I have worked on farms before. When I was in high school, I would sometimes wander over to my friend’s farm in Corrales, New Mexico to help with weeding, planting, harvest and washing. I would often arrive barefoot and he clearly though I was crazy for this.
I’ve lived on a homestead in southern Colorado where I learned about cows, horses and ridge and furrow farming. I’ve helped to milk goats and make cheese in the middle of the New Mexico desert. I worked on the harvest crew of a farm named after a dog in the Chimacum valley of the Olympic Peninsula. Most recently I worked the full season at a small CSA farm in Olympia, WA.
And yet, despite my return to farm work, I have never really wanted to be a farmer – to actually own a farm. It scares the nomadic part of me.
At Red Dog Farm in Chimacum, the “unfortunate” discovery that I’m allergic to the mold that grows on strawberries allowed me to join the flower harvest team – my first small glimpse into flower production. I snipped and collected large armfuls of zinnias and sunflowers and put them in buckets. I learned that the smell from the center of sunflowers transports me to some unknown childhood memory. There was a debate between members of the farm crew about the importance growing flowers on the farm. Some argued it was arbitrary and tedious – they didn’t want anything to do with them. Flowers don’t serve a real purpose, they’d say. You can’t be nourished from flowers in the same way as vegetables. At the time I didn’t have a good counter argument – but I did know that I loved working with flowers.
Since then I have passively chewed on the idea of growing flowers. Pipe dreaming of a small flower farm in New Mexico. And then, after browsing the spring 2017 Evergreen catalogue, the thought occurred to me – why not use this quarter as an opportunity to explore this interest that already lines up with my focus of food systems and community. I emailed August Farm, having no idea if they’d be receptive to hosting me as an intern – and here we are.
August Farm is a Female owned and run livestock and cut flower farm in Rochester, Washington. Their animals are pasture-raised and eat a combination of grass and local, organic feed. The flowers are grown using chemical-free methods.
I drove out to August Farm for the first time on March 28th for a working interview. I took the back roads from Olympia and only got a little bit lost. Marianne and Liza invited me into their house and offered me a cup of tea. We talked past experiences and each of our goals and desires for the internship. I followed them out to “the land trust” – a property a couple of miles down the road that they are using to grow the bulk of their flowers this year. They have expanded they production by double this year, now growing one full acre of flowers.
This property is owned by South of the Sound Community Farm Land Trust and in partnership with Kirsop Farm, Creekside Conservancy and Eterprise for Equity, offers long-term, inheritable leases to qualified farmers. August Farm gets to use 1/3 of the big high tunnel and about ____ of the field.

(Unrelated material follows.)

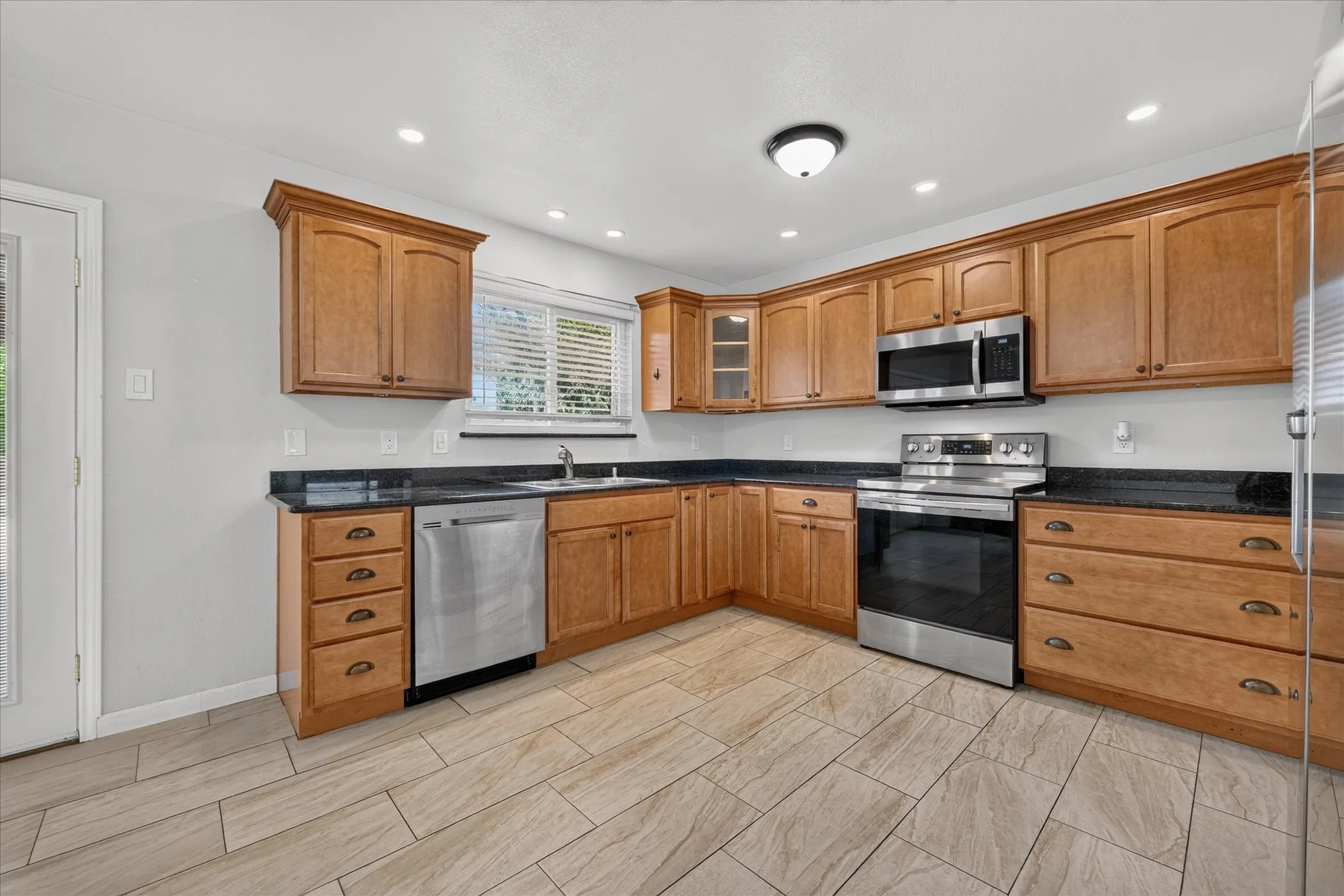 Kitcheb with wood cabinets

Once there, we hand-weeded, wheel-hoed and set up drip irrigation in the high tunnel. I then got a small tour of the caterpillar houses, which are currently housing anemones as well as Kirsop’s greenhouses (just for fun).
Other work during the first week included:
April 3rd
Amending beds at land trust property with lime powder. Liza said she thinks the soil pH there is about 5 or 6 which is better than the soil at their property. Mar tilled that in while Lydia (the full-time farm intern this season) and I worked on removing the wiggle wire from the high tunnel and reinstalling it into a roller system. This was the first sunny day in a while so we planted so many flower babies including snap dragons, stock and sweet peas.

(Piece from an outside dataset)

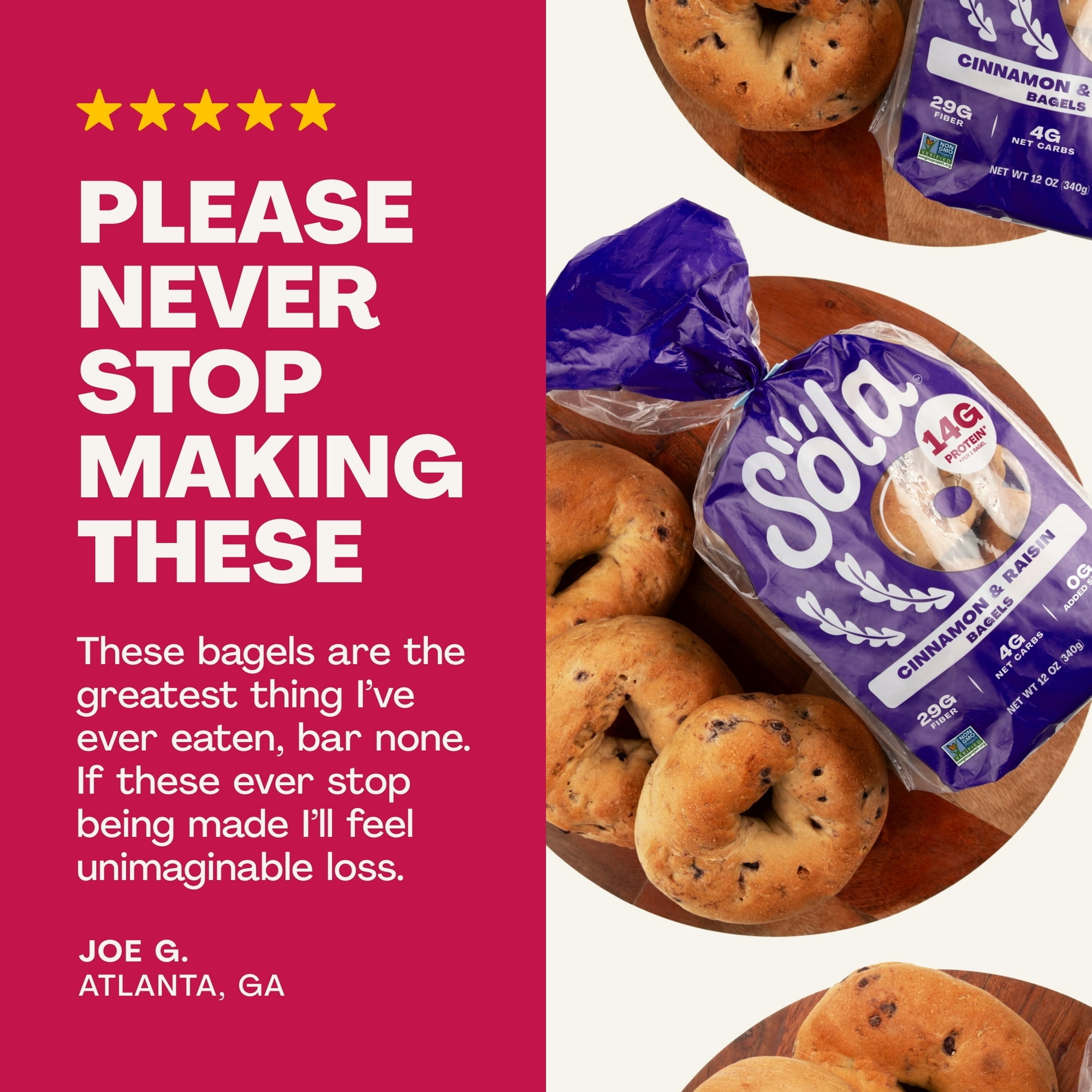 Sola Bread Cinnamon & Raisin Soft Bagels,  Sola Bread Blu-Berry Bagels, Non-GMO, 12 oz, 4 Count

At lunch Mar, Lydia and I talked about so many interesting things. Mar shared a bit about her journey of feeling validation in doing what they do and about using privilege and not getting stuck in an apologetic mindset.
How to make a “luxury item” more equally accessible?
- flower installations: wanting to do more guerilla flower art, a flower rejuvenation tent for folks living on the street.
- Hospice donation
- How else??
April 5th&6th
So much greenhouse work! It’s nice to be able to still feel productive while being sheltered from the rain. I’m beginning to learn their greenhouse system and where everything is. There’s a big mouse problem this year – they eat the seeds and cotyledons and sometimes just rip the seedlings out of the soil.
Tasks included:
- Up-potting from trays into 128s and 72s.
- Pricking out zinnias
- Seeding (grasses, strawflower, sunflowers…
- Watering
- Bringing trays down from house/moving starts from farm greenhouse to land trust.